Mendarat di CGK dilanjut naik DAMRI ke arah Citereup. Sampai disana, lanjut lagi naik angkot yang sopirnya kayaknya terlatih banget mepetin gebetan dan nikung gebetan temen, wkwkwk. Lanjut lagi pindah angkot, tempatnya nggak jauh dari jembatan sungai besar yang ke arah puncak, lewati Jl. Gunung Geulis lurus kira-kira 1 KM. Dari Jl.Gunung Geulis itu kita harus naik ojek menuju tempat tujuan.

Dan, eng ing eeeng, sampailah kami di sini...

Ada perpustakaan dan children corner juga disini. Sayangnya pas tutup :(
Agak penasaran sama koleksi bukunya kayak apa.


Bumi CIMB Niaga ini juga banyak fasilitas yang menarik menurut saya, apa aja yaa?
  1. Petugas kebersihan yang banyak, untuk memastikan lingkungan selalu bersih, dan itu terbukti, kamar-kamarnya bersih banget kayak hotel.
  2. Kolam renang dengan kedalaman 1-2 meter, cukupan lah buat sekedar nyemplung atau ciblongan gitu.
  3. Karaoke
  4. Restoran
  5. Beberapa spot yang bisa digunakan untuk outbond
Salah satu hal yang disayangkan sih, di kawasan ini nggak ada orang jualan cemilan panas keliling semacam siomay, batagor, atau bakso tusuk (cukup penting buat saya yang suka nyemil, gampang laperan, & kedinginan, wkwkwk).


Bentar lagi sih sudah ada rencana buat refreshing lagi, yaitu dengan dateng ke Jogja Fashion Festival. Acara besutan Plaza Ambarukmo Yogyakarta yang kayaknya bakalan kece tuh acaranya. And I promise, bakalan share tentang acara apaan sih itu. Sampai jumpa di postingan berikutnya, taaaaa.

10 Januari 2016


Masih tentang Jambi. Penugasan yang kedua ini dengan rekan seperjuangan yang berbeda, saya lewati hari-hari di kota yang mempunyai maskot Angso Duo ini dengan riang gembiraaa. Sudah tak ada lagi asap yang menyesakkan, digantikan oleh kekhasan kota Jambi yang mungkin belum diketahui banyak orang.

Kalau disini ada yang sudah pernah baca postingan saya sebelumnya di sini, tentang suka duka yang terjadi di Jambi beberapa bulan lalu, kali ini saya ingin berbagi hal-hal kece di kota Jambi yang bisa jadi tujuan wisata kalian.

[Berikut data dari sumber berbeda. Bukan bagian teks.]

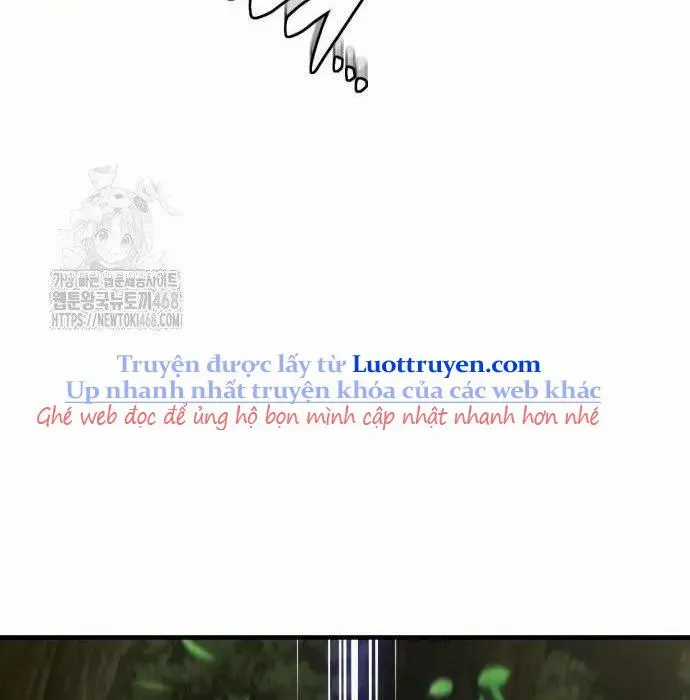 Sư Tôn Của Ta Luôn Dõi Theo Chương 59 trang 247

Jembatan Gentala Arasy (Sungai Batanghari)

Sudah kenal dengan sungai terpanjang di pulau Sumatera, dengan panjang sekitar 800km? Ya, namanya Sungai Batanghari, yang membelah wilayah Kota Jambi dengan Kota Seberang.

Di capture saat sore hari menjelang magrib, sambil makan sop daging dipinggir sungai Batanghari. Sayangnya warna air sungainya cokelat :(

Jembatan panjang yang menghubungkan dua kota terpisah tadi ternyata baru diresmikan tahun ini gais! Bernama Jembatan Gentala Arasy. By the way, Gentala Arasy itu artinya adalah Genah Tanah Lahir Abdurrahman Sayoeti, mantan Gubernur Jambi pada tahun 1989-1999 yang memang lahir di Seberang.

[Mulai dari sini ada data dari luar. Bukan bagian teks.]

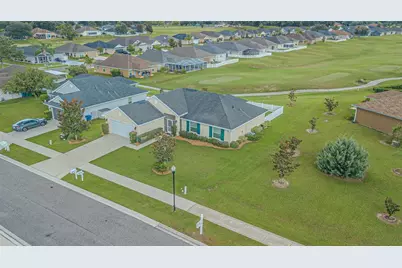 31076 Water Lily Drive, Brooksville, FL 34602 - Photo 26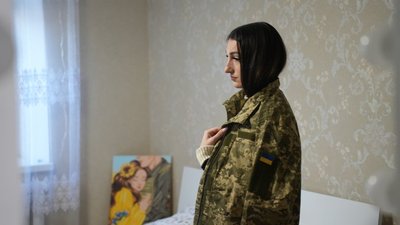 Фототиждень Фототиждень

Lokasi jembatan ini bisa dibilang tempat gaulnya anak-anak Jambi *aseeek*. Saat malam, pemandangan lampu-lampu yang menghiasi jembatan ini bisa dinikmati sambil menyantap jagung bakar dipinggir sungai. Foto yang pertama kali kalian lihat, itu adalah foto jembatan ini saat malam hari.

Batik Jambi

Toko kain batik yang kemarin sempat saya kunjungi, berada di daerah Simpang Pulai. Tadinya saya pikir daerah Simpang Pulai itu seperti pasar Beringharjo kalau di Jogja, ternyata bukaaaan saudara-saudara. Tempatnya nggak terlalu ramai, hanya ada beberapa toko batik yang ada di sana (entah ini karena saya menuju tempat yang kurang tepat atau gimana *bahahaha*).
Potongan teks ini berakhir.